Exercise instructions
Whenever a line in the records below holds the string "Watch", copy it out.

Source information
::::::
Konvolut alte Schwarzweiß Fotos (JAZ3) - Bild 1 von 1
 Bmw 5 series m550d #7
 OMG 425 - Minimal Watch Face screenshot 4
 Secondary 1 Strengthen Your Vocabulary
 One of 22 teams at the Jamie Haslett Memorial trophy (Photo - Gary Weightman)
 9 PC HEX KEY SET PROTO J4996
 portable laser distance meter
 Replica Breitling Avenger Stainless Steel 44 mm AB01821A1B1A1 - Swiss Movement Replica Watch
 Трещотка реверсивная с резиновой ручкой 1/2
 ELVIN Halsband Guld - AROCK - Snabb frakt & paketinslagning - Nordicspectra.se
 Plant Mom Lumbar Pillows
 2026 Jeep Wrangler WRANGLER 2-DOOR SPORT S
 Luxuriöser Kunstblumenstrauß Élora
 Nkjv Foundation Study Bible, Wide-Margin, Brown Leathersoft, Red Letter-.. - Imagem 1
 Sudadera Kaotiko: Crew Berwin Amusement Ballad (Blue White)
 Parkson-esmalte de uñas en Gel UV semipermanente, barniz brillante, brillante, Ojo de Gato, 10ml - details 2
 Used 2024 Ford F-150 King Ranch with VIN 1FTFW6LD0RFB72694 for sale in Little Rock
::::::
Output of the task
 OMG 425 - Minimal Watch Face screenshot 4
 Replica Breitling Avenger Stainless Steel 44 mm AB01821A1B1A1 - Swiss Movement Replica Watch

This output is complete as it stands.